* _WHAT YOU SHOULD DO_
The expected output is each line from the one containing "Detailed black and" to the last line of the data below, set down exactly, minus the pictures.

[Short text fragments from websites]
• • • •

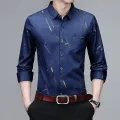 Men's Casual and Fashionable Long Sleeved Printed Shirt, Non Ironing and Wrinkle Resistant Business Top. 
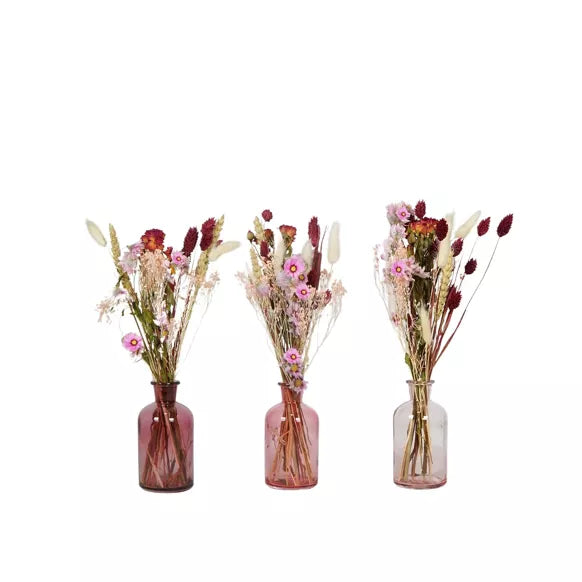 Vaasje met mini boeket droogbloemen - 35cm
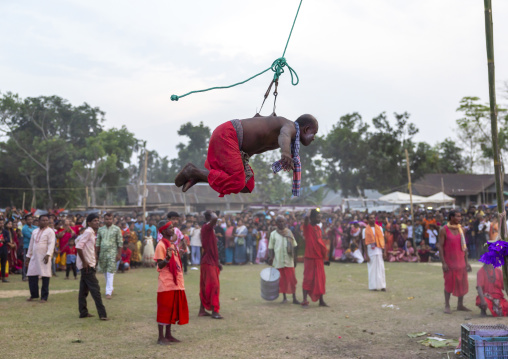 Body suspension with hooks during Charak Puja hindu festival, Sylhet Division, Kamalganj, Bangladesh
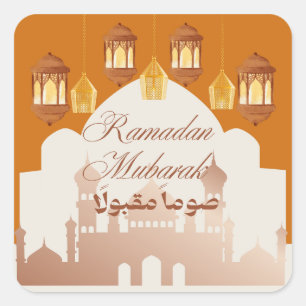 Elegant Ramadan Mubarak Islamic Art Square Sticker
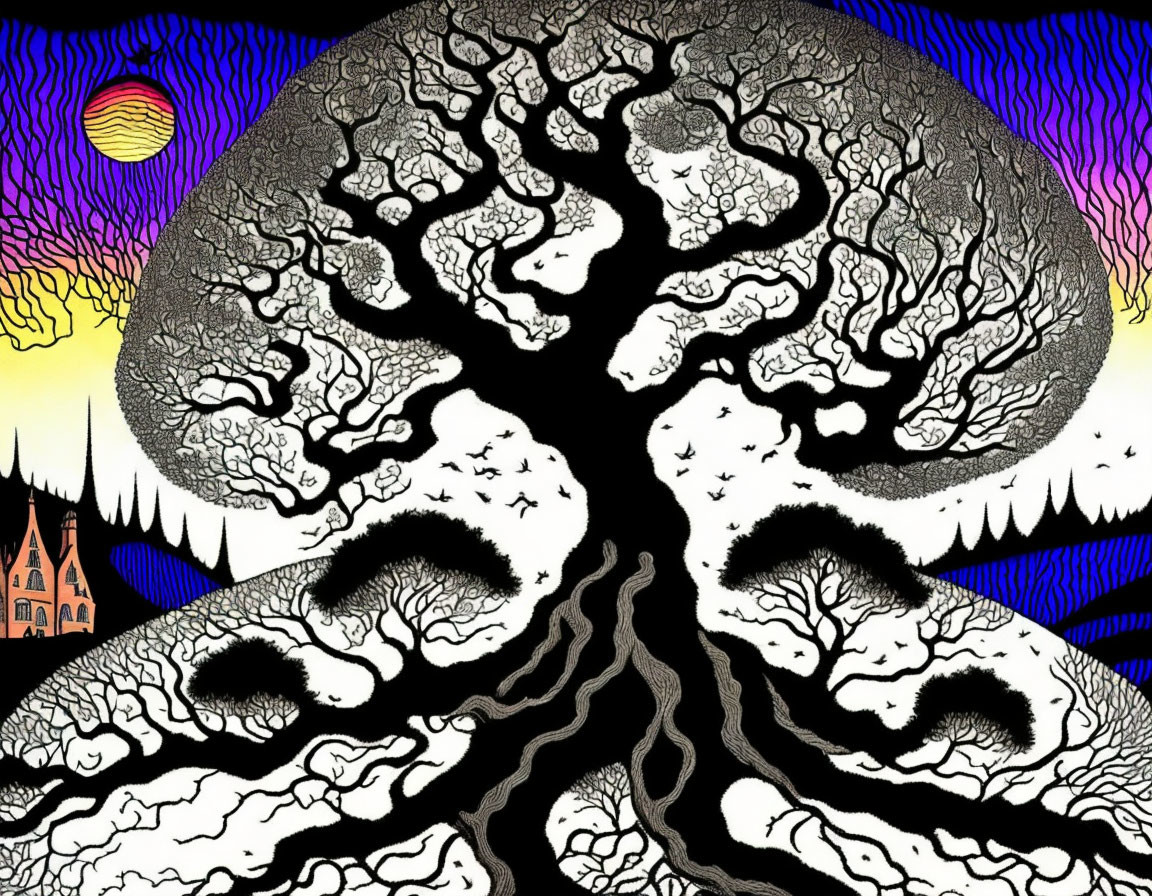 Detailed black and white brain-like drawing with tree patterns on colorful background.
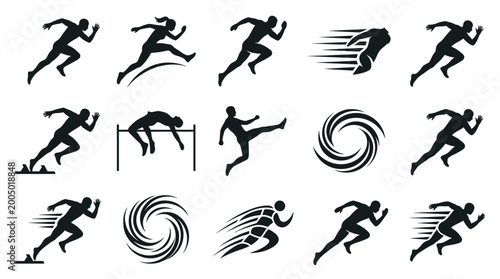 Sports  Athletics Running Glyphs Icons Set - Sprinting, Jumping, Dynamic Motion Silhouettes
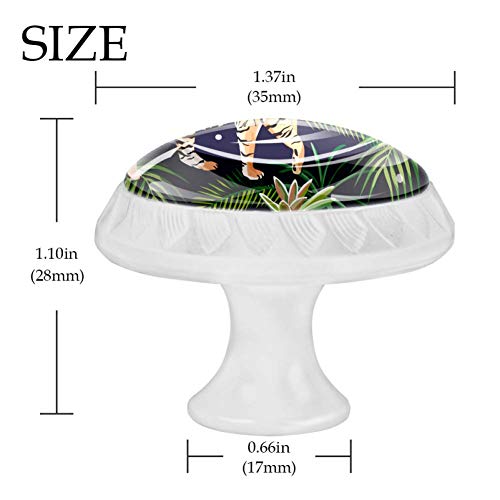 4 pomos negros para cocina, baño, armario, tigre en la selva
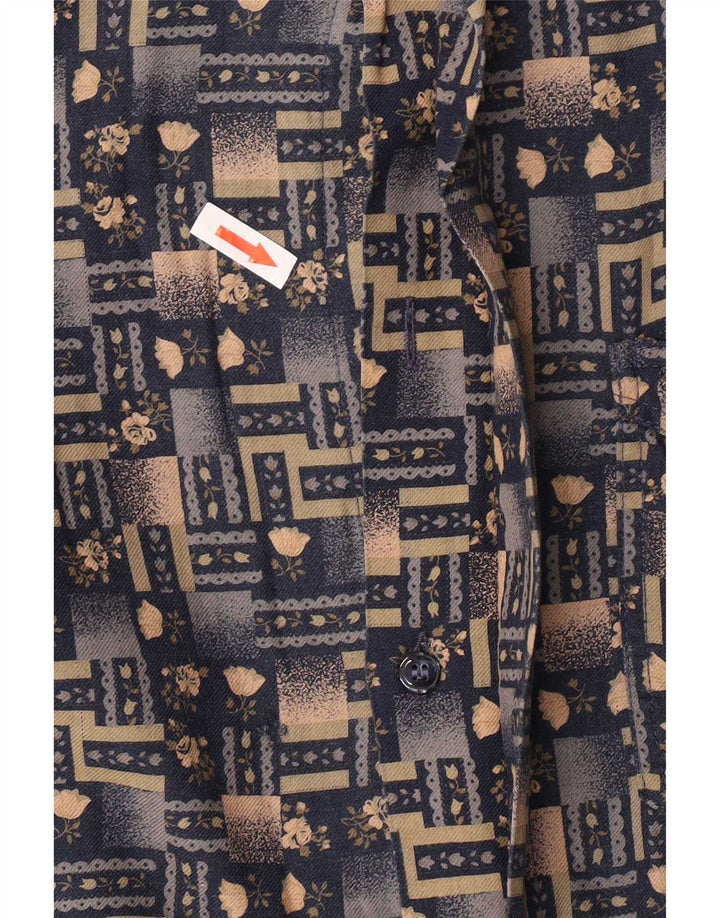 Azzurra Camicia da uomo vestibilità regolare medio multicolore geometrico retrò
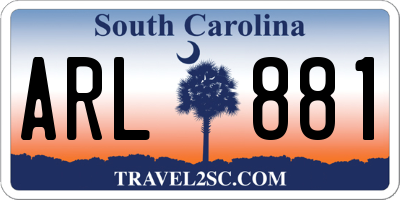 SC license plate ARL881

• • • •

* _OUTPUT OF THE EXERCISE_
 Detailed black and white brain-like drawing with tree patterns on colorful background.
 Sports  Athletics Running Glyphs Icons Set - Sprinting, Jumping, Dynamic Motion Silhouettes
 4 pomos negros para cocina, baño, armario, tigre en la selva
 Azzurra Camicia da uomo vestibilità regolare medio multicolore geometrico retrò
 SC license plate ARL881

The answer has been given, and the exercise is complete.